When traditional publishing ruled, once a book was printed, it was set in stone. That’s why they employed editors and copy editors to improve the story and ferret out all the mistakes: once the book was typeset and thousands of copies printed, it couldn’t be corrected. But we’re in the digital age now.

If you’re an indie author, you’re responsible for everything: the writing, the formatting, the editing, the publishing, and the marketing. It’s hard to guarantee perfection at every step. The good thing is, nothing’s set in stone. In today’s publishing world your books are tantamount to software. If you didn’t get it right the first time, there’s always version 2.0.

At one point I debated whether this was ethical. After my initial release of a book, should I change it? I was still recovering from the bircks-and-mortar bookstore/paper tome/traditional publishing paradigm. Now I think, If you know it needs to be corrected or can be improved, can you ethically not give your readers the best product you’re capable of providing?
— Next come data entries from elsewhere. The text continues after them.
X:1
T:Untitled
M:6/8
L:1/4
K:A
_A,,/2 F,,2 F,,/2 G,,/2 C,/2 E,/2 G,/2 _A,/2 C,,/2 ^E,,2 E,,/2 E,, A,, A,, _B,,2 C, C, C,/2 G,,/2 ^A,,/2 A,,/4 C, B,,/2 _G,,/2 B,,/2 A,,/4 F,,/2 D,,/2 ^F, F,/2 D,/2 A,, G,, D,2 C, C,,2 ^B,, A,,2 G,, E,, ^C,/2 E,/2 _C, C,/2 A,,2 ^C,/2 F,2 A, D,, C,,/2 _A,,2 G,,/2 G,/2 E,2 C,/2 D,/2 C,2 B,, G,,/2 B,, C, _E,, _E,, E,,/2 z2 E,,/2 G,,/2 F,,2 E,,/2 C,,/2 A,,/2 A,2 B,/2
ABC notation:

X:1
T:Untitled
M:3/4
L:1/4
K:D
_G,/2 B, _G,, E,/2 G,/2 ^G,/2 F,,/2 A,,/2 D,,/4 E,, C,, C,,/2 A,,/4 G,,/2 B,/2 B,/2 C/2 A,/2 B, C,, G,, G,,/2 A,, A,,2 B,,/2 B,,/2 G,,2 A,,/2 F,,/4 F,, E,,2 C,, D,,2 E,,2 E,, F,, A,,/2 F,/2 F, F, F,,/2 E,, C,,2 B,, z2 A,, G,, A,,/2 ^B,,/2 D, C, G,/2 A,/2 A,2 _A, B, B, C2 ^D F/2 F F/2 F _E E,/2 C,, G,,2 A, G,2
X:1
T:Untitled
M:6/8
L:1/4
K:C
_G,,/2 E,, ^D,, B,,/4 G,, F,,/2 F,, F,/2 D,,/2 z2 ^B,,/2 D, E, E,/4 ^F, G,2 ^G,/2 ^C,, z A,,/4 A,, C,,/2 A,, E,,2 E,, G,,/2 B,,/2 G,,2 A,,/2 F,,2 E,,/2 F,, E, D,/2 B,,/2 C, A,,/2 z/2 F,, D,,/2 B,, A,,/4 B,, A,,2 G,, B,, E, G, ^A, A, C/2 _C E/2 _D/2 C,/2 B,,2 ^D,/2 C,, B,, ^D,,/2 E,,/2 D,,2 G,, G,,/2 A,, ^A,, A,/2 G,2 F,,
If you discover you need to make corrections to a work already published, you can do so and simply upload a new version to your favorite sales portal. Along with the power of having your own digital Gutenberg comes great responsibility.
Digital book 2.0
As a technical writer 25+ years in the software industry, I adhered to this principle in the millions of pages of documentation I wrote and published: If it needs fixed, whatever the reason, fix it and republish ASAP.
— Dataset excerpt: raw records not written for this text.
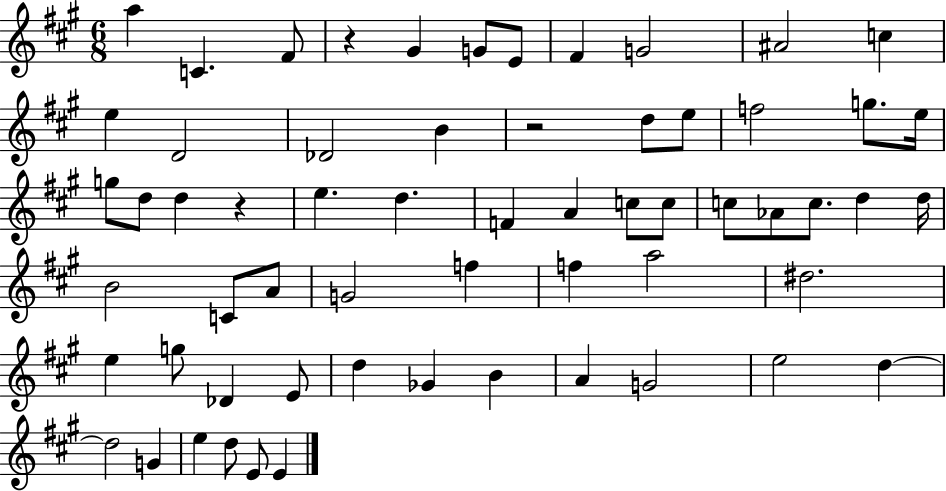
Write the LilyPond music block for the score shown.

{
  \clef treble
  \numericTimeSignature
  \time 6/8
  \key a \major
  a''4 c'4. fis'8 | r4 gis'4 g'8 e'8 | fis'4 g'2 | ais'2 c''4 | \break e''4 d'2 | des'2 b'4 | r2 d''8 e''8 | f''2 g''8. e''16 | \break g''8 d''8 d''4 r4 | e''4. d''4. | f'4 a'4 c''8 c''8 | c''8 aes'8 c''8. d''4 d''16 | \break b'2 c'8 a'8 | g'2 f''4 | f''4 a''2 | dis''2. | \break e''4 g''8 des'4 e'8 | d''4 ges'4 b'4 | a'4 g'2 | e''2 d''4~~ | \break d''2 g'4 | e''4 d''8 e'8 e'4 | \bar "|."
}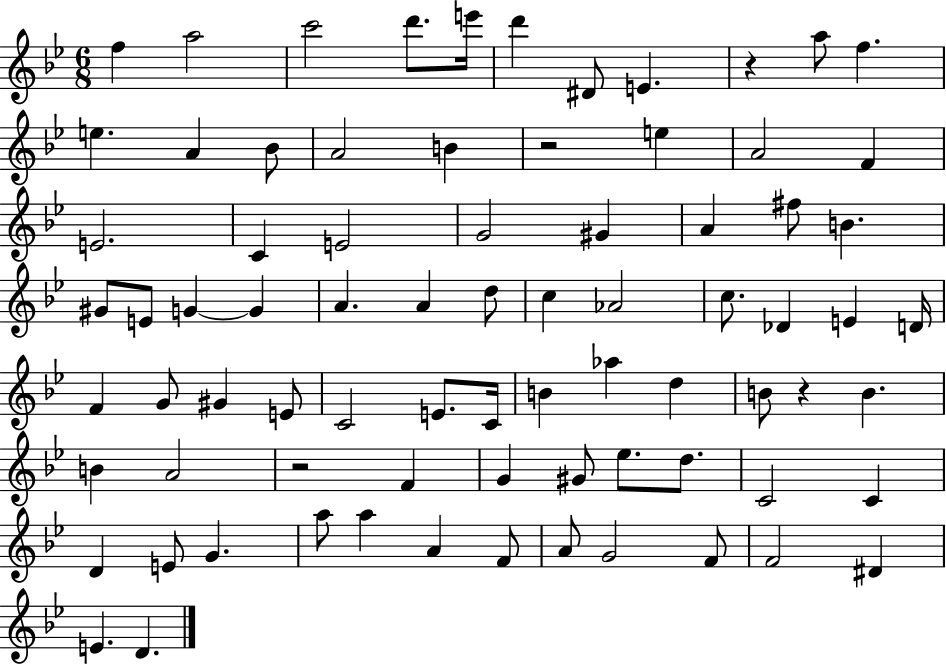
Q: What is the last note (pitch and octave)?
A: D4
Going the extra mile is in your favor. If you get a less than spectacular review and the reader complains about something you can change, do so as quickly as possible to prevent others from jumping on the bandwagon. For instance, if a number of reviewers (precious few nowadays) bitch about how much they hated the ending, REWRITE IT.

Like the in-house Quality Assurance department, your beta readers don’t always catch everything before you publish. Once your work is in the hands of the public, you become Helpdesk and Support Services, fielding complaints and logging issues for product improvement. Your product.
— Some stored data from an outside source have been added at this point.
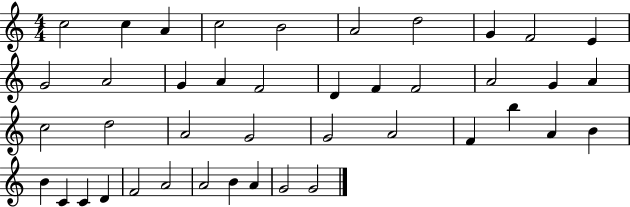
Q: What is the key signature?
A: C major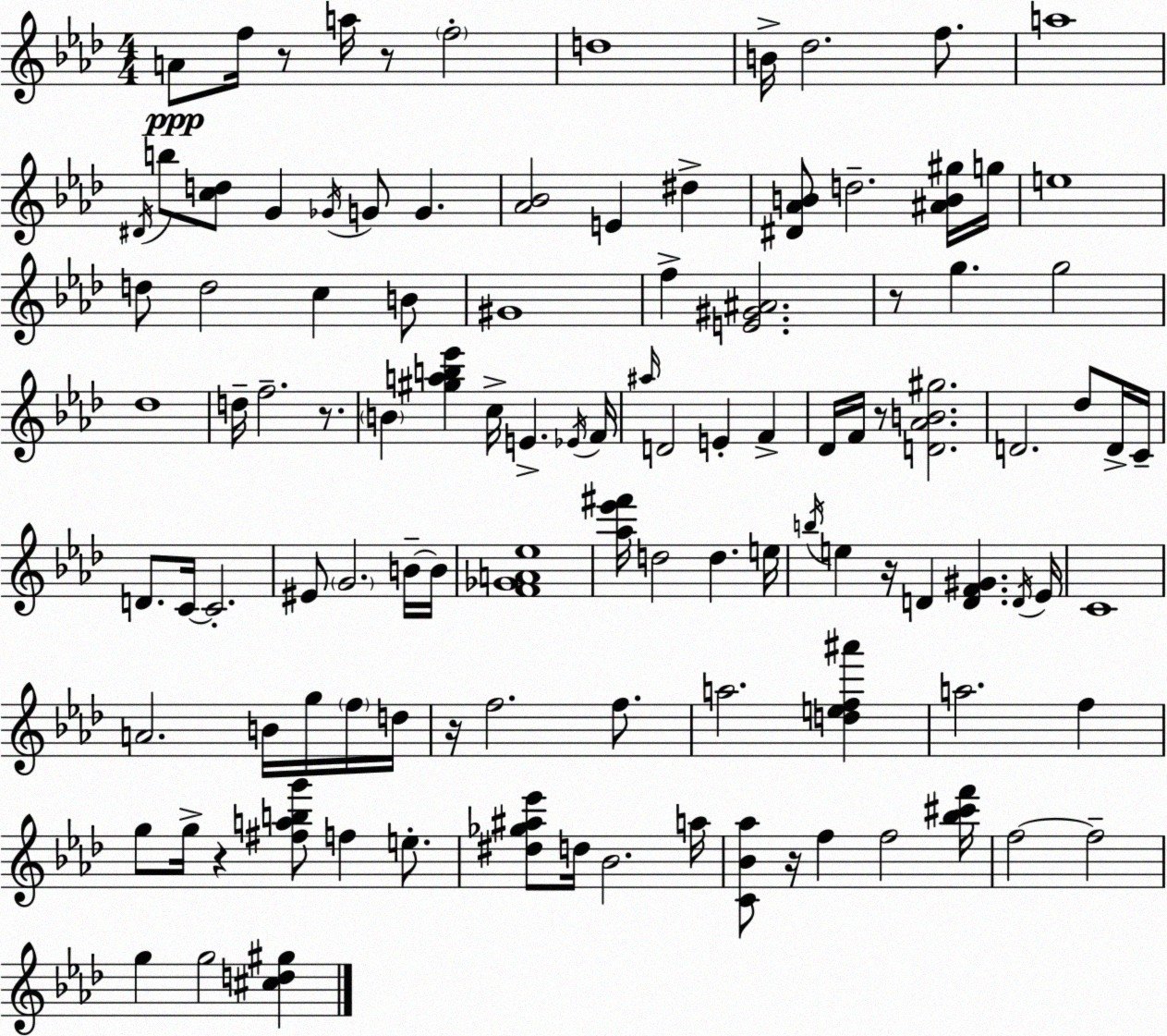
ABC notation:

X:1
T:Untitled
M:4/4
L:1/4
K:Ab
A/2 f/4 z/2 a/4 z/2 f2 d4 B/4 _d2 f/2 a4 ^D/4 b/2 [cd]/2 G _G/4 G/2 G [_A_B]2 E ^d [^D_AB]/2 d2 [^AB^g]/4 g/4 e4 d/2 d2 c B/2 ^G4 f [E^G^A]2 z/2 g g2 _d4 d/4 f2 z/2 B [^gab_e'] c/4 E _E/4 F/4 ^a/4 D2 E F _D/4 F/4 z/2 [D_AB^g]2 D2 _d/2 D/4 C/4 D/2 C/4 C2 ^E/2 G2 B/4 B/4 [F_GA_e]4 [_a_e'^f']/4 d2 d e/4 b/4 e z/4 D [DF^G] D/4 _E/4 C4 A2 B/4 g/4 f/4 d/4 z/4 f2 f/2 a2 [def^a'] a2 f g/2 g/4 z [^fabg']/2 f e/2 [^d_g^a_e']/2 d/4 _B2 a/4 [C_B_a]/2 z/4 f f2 [_b^c'f']/4 f2 f2 g g2 [^cd^g]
I’m not advocating changing your fiction at the whims of your readership. If you made a decision that you know is right for your story, stick with it. Yet if it concerns some other issue you can rectify, do so. Reminder: it pays to take your time and ensure you’re putting your best out there the first time.

Sure, some readers will always own 1.0. These are the breaks. But some of your readers getting an improved pub is better than all of them getting version 1.0 with all its bugs. It’s just not necessary with digital texts.

Amazon lets you notify readers that a new version is available. I did this once for a classic I had republished because an OCR scanning error turned into a factual error that I didn’t catch. I don’t recommend you do this unless absolutely necessary. Especially with fiction, once it’s read, it’s read.

But if you get a chance to improve your published work—whether it’s to correct typos, smooth out a scene, fill in a plot hole, or post a new cover—by all means, do it. Constant improvement is the professional stepstool to greater sales.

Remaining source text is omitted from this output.